Energy level statistics of the two-dimensional Hubbard model at low filling

TL;DR

This study numerically analyzes the energy level statistics of the two-dimensional Hubbard model at low filling, revealing that the spectral properties align with Gaussian ensemble predictions regardless of lattice size or interaction strength.

Contribution

It provides a detailed symmetry-aware spectral analysis of the Hubbard model, demonstrating universal Gaussian ensemble behavior across various parameters.

Findings

Level spacing distribution matches Gaussian ensemble statistics.

Spectral rigidity and number variance are consistent with random matrix theory.

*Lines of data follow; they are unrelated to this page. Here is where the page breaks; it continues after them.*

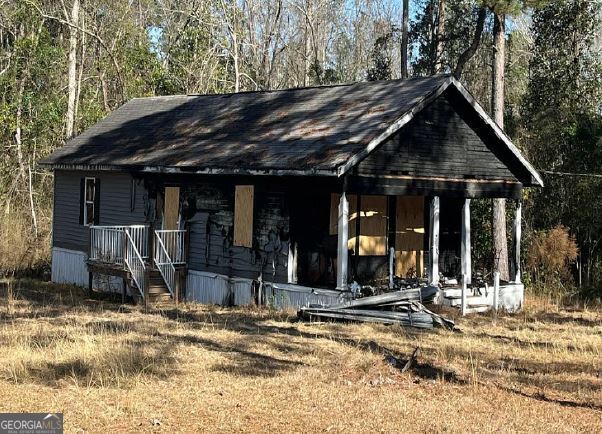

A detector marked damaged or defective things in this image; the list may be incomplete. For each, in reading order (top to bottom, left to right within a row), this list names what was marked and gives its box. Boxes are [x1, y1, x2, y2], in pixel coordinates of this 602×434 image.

burned house [41, 74, 540, 312]
charred siding [356, 94, 516, 182]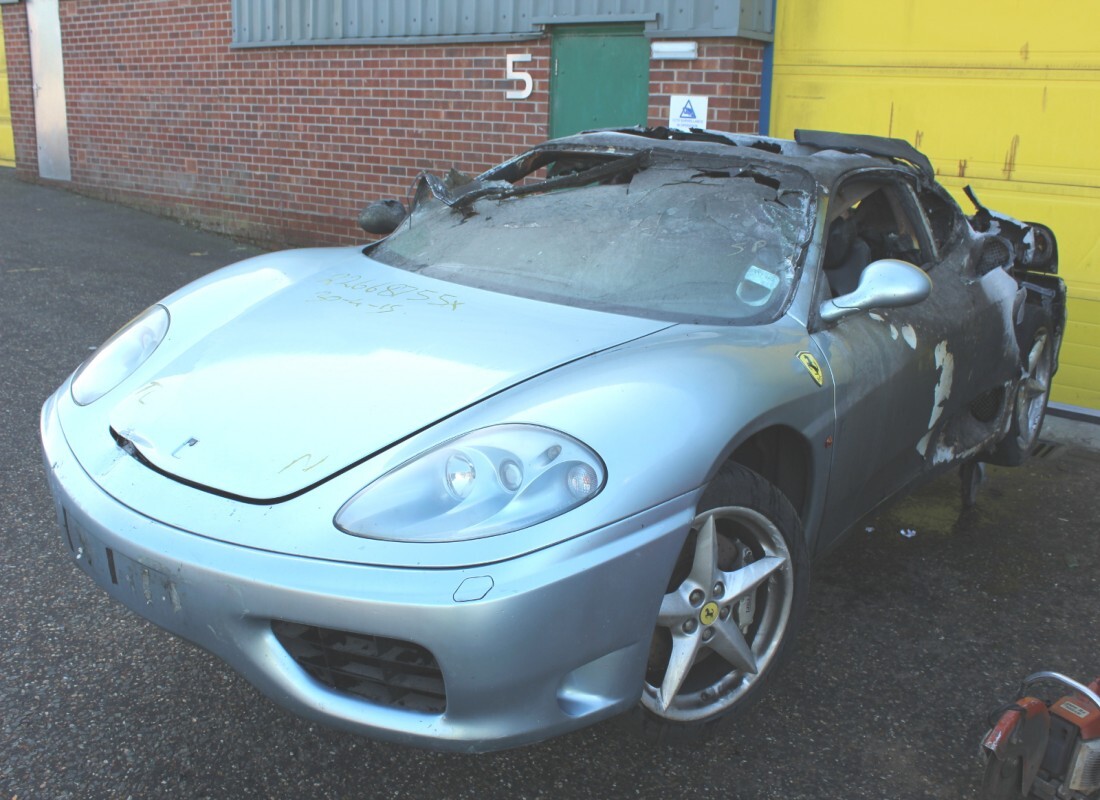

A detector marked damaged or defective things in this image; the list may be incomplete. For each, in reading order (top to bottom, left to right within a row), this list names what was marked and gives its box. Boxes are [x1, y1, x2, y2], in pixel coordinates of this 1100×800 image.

damaged sports car [40, 128, 1064, 752]
peeling white paint [919, 341, 954, 459]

Universality persists even at very weak coupling, indicating nonperturbative effects.

Abstract

The energy level statistics of the Hubbard model for $L \times L$ square lattices (L=3,4,5,6) at low filling (four electrons) is studied numerically for a wide range of the coupling strength. All known symmetries of the model (space, spin and pseudospin symmetry) have been taken into account explicitly from the beginning of the calculation by projecting into symmetry invariant subspaces. The details of this group theoretical treatment are presented with special attention to the nongeneric case of L=4, where a particular complicated space group appears. For all the lattices studied, a significant amount of levels within each symmetry invariant subspaces remains degenerated, but except for L=4 the ground state is nondegenerate. We explain the remaining degeneracies, which occur only for very specific interaction independent states, and we disregard these states in the statistical spectral analysis. The intricate structure of the Hubbard spectra necessitates a careful unfolding procedure, which is thoroughly discussed. Finally, we present our results for the level spacing distribution, the number variance $\Sigma^2$, and the spectral rigidity $\Delta_3$, which essentially all are close to the corresponding statistics for random matrices of the Gaussian ensemble independent of the lattice size and the coupling strength. Even very small coupling strengths approaching the integrable zero coupling limit lead to the Gaussian ensemble statistics stressing the nonperturbative nature of the Hubbard model.